### PROBLEM DESCRIPTION:
In the entries below, spot each line with the word "Used" and copy it.

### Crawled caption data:
....

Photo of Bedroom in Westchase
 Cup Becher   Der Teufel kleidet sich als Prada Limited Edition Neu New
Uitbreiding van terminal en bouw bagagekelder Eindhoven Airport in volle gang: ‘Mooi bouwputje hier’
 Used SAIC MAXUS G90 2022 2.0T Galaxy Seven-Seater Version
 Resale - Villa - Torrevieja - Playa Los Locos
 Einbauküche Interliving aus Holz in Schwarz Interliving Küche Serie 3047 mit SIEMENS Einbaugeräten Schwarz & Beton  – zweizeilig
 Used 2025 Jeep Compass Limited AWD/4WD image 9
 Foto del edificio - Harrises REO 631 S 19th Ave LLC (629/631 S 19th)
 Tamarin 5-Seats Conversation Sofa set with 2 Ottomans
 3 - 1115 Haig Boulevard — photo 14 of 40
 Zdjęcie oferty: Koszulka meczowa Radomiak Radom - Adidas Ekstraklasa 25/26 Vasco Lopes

....

### EXERCISE SOLUTION:
 Used SAIC MAXUS G90 2022 2.0T Galaxy Seven-Seater Version
 Used 2025 Jeep Compass Limited AWD/4WD image 9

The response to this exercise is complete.